Work item: Write out all the entries word for word and omit any pictures.

(Items from a dataset)
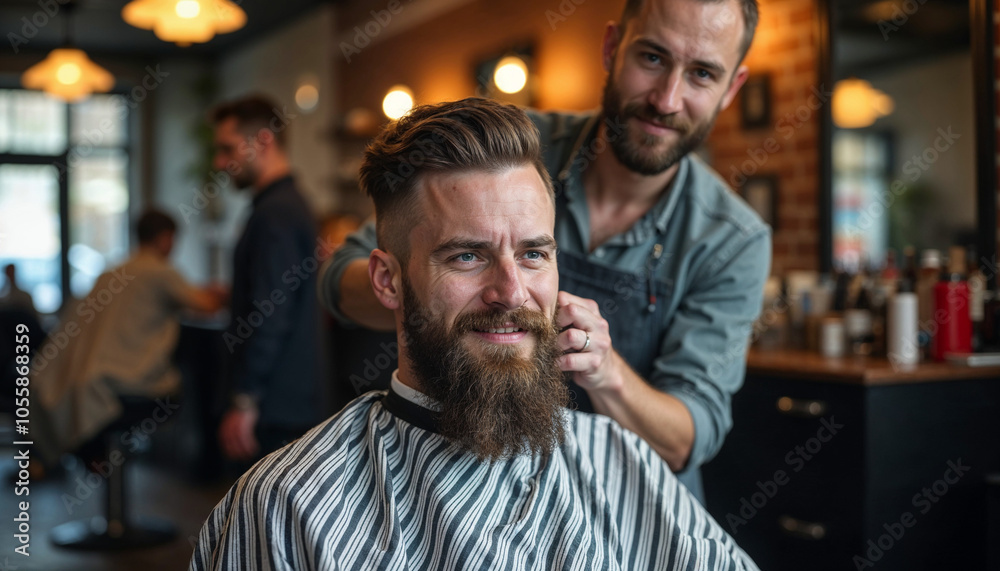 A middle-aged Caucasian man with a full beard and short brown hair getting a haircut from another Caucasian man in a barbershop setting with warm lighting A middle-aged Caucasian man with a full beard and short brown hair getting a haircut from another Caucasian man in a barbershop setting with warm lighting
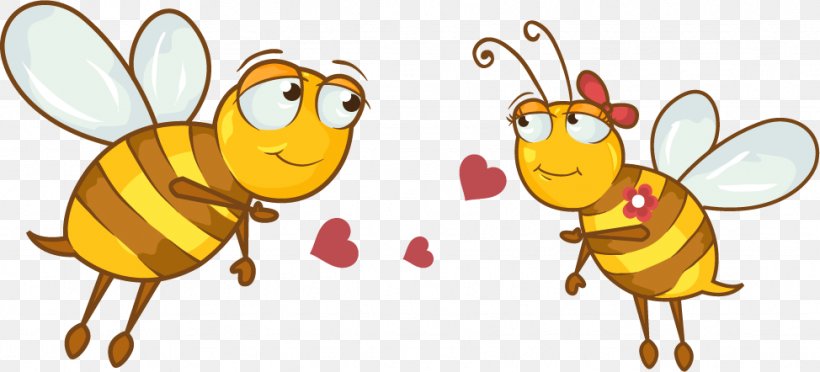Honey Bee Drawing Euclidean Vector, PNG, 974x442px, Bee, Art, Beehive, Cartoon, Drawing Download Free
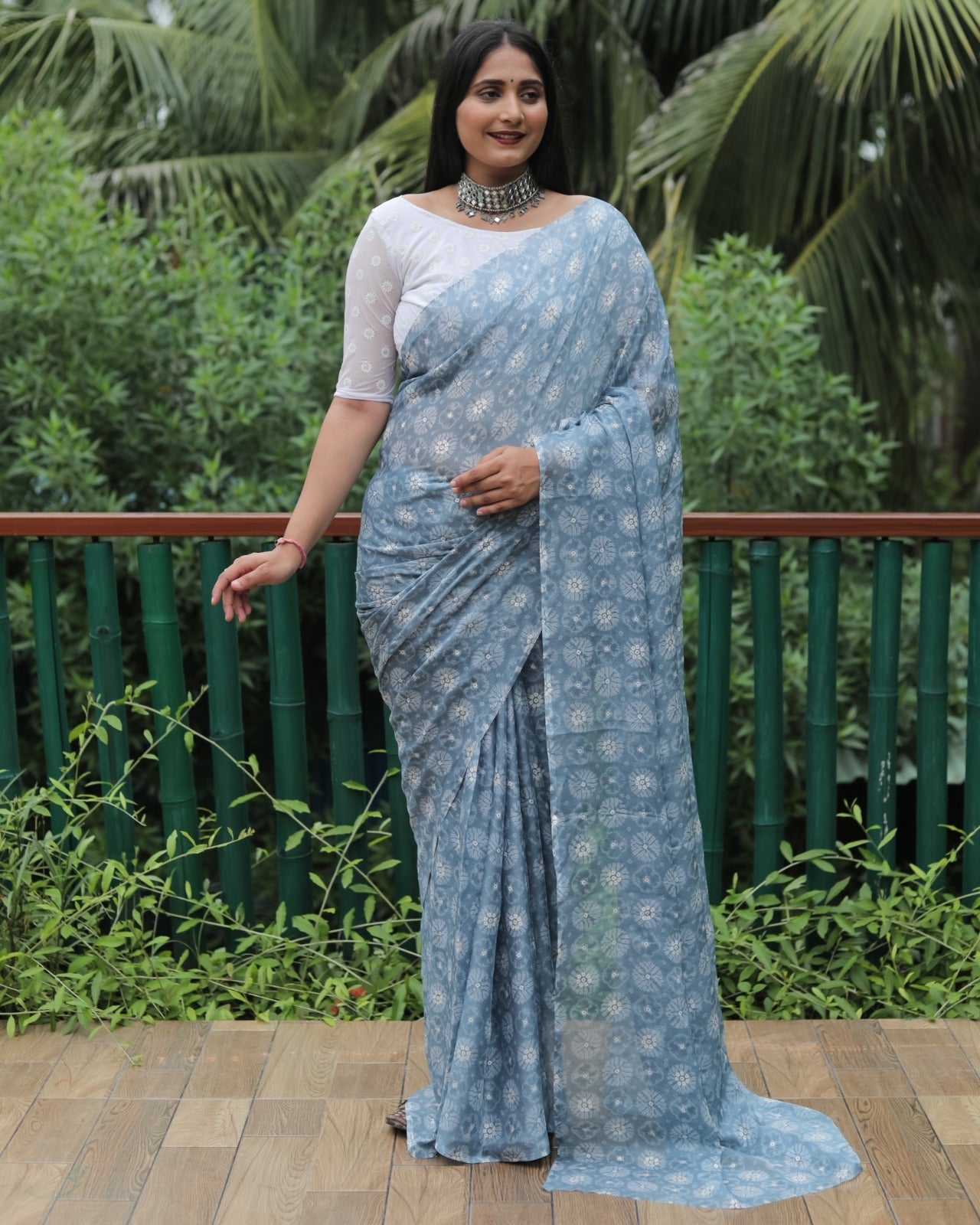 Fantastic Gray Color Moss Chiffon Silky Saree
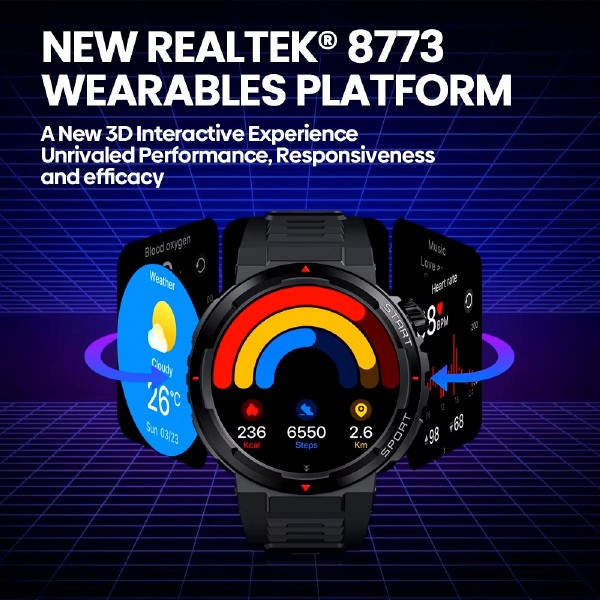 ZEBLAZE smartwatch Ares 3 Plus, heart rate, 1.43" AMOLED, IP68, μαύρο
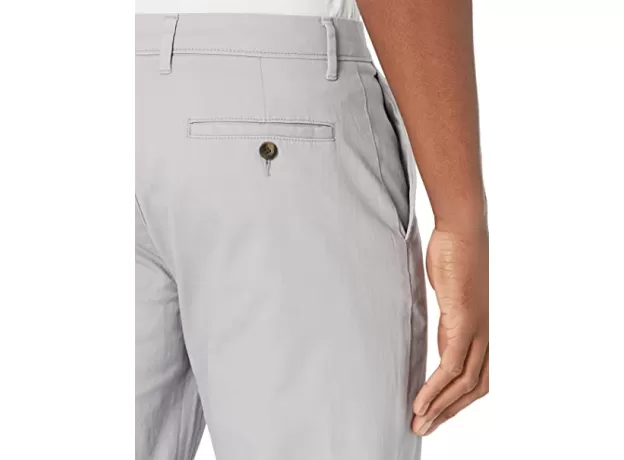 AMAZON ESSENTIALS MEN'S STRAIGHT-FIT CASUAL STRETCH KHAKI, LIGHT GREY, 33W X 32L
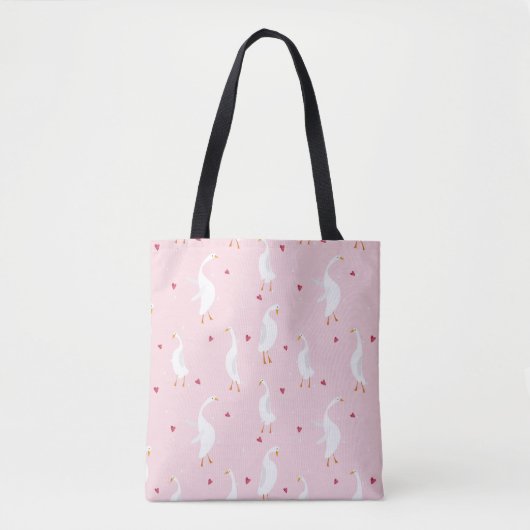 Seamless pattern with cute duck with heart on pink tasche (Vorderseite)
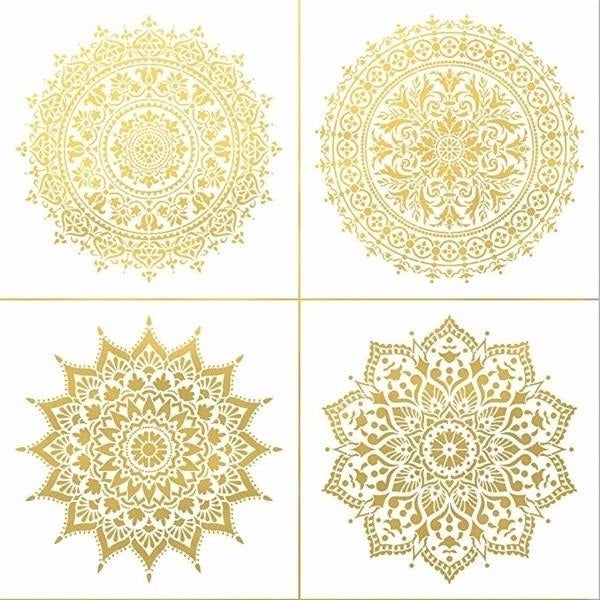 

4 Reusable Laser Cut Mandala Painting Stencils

Result of the exercise:
 A middle-aged Caucasian man with a full beard and short brown hair getting a haircut from another Caucasian man in a barbershop setting with warm lighting A middle-aged Caucasian man with a full beard and short brown hair getting a haircut from another Caucasian man in a barbershop setting with warm lighting
Honey Bee Drawing Euclidean Vector, PNG, 974x442px, Bee, Art, Beehive, Cartoon, Drawing Download Free
 Fantastic Gray Color Moss Chiffon Silky Saree
 ZEBLAZE smartwatch Ares 3 Plus, heart rate, 1.43" AMOLED, IP68, μαύρο
 AMAZON ESSENTIALS MEN'S STRAIGHT-FIT CASUAL STRETCH KHAKI, LIGHT GREY, 33W X 32L
 Seamless pattern with cute duck with heart on pink tasche (Vorderseite)

4 Reusable Laser Cut Mandala Painting Stencils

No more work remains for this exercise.